The film opens in Mykonos, Greece, where Richard McCreadie is building a wooden 'Roman Amphitheatre' for the amusement of his guests, who are flying in from all over the world. McCreadie’s party is always intended to be 'Roman'-themed. It’s actually quite similar to the kind of parties that people like Philip Green have always thrown. These ostentatious displays of wealth. In fact, in a way, you might say that someone like Philip Green is being more honest than other people who try to present themselves as a more touchy-feely version of capitalism, the Richard Branson, approach to capitalism. Having a woolly jumper and a beard makes him seem very friendly, but, really, it’s the same thing, just different clothes. So the decadence of 'The Roman Empire' seems to be a good metaphor for the decadence of 'The Modern Age'. And that parallel is drawn unwittingly by the character of Richard McCreadie. As the party draws nearer, McCreadie and his son Finn (Asa Butterfield) trade quotes from the 2000 Ridley Scott film "Gladiator", about a Roman general who wreaks his revenge on the corrupt emperor who sold him into slavery. It’s a very good metaphor, because it’s celebrating the idea of someone who can only measure success in a very macho, aggressive, testosterone-fuelled way. It’s a very Donald Trump-like rationale, really, it’s a very unambiguous, unsophisticated, but very popular way of thinking about success. This also explains the reasoning for McCreadie hosting what he thinks is the most extravagant party of the season. One theme of the film is the gap between the lives of the women making clothes for McCreadie’s brands and the lifestyle that can be bought by the billions of profits from their labor. So it has to be a lavish party, and we feel that a 'Roman'-themed party, with McCreadie cast as a 'Roman Emperor',
As the guests start filing in for the festivities, we see that McCreadie is suddenly concerned by the arrival of some Syrian refugees in the coastline where his 'Roman Amphitheatre' is being built.

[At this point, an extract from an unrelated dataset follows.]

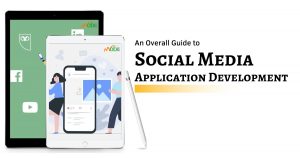 An Overall Guide to Social Media Application Development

In fact, McCreadie is not concerned at all by their plight. Instead, he worries that the great and good will have their evening spoiled by the temporary camp that’s been set up next door. McCreadie’s frantic obsession with pandering to his celebrity guests offered a rich seam of satire. One of the themes of the film is the way business billionaires like McCreadie use celebrities to try to make themselves glamorous, and part of the narrative of the film is that he's trying to get these celebrities, who’ve always come to his parties in the past, to come to his latest party. Because, having had his businesses investigated, and, having been criticized in the press, he’s trying to restore his reputation, so he thinks that getting all these celebrities to come along will restore his image and his brand. Which means part of the narrative is; is that strategy going to work? And will it help him reinvent himself as king of the high street? One aspect of the world of fashion that McCreadie embodies is the way it uses celebrity and fame to make their world seem glamorous, hence the use of celebrities to endorse lines of fashion in their shops.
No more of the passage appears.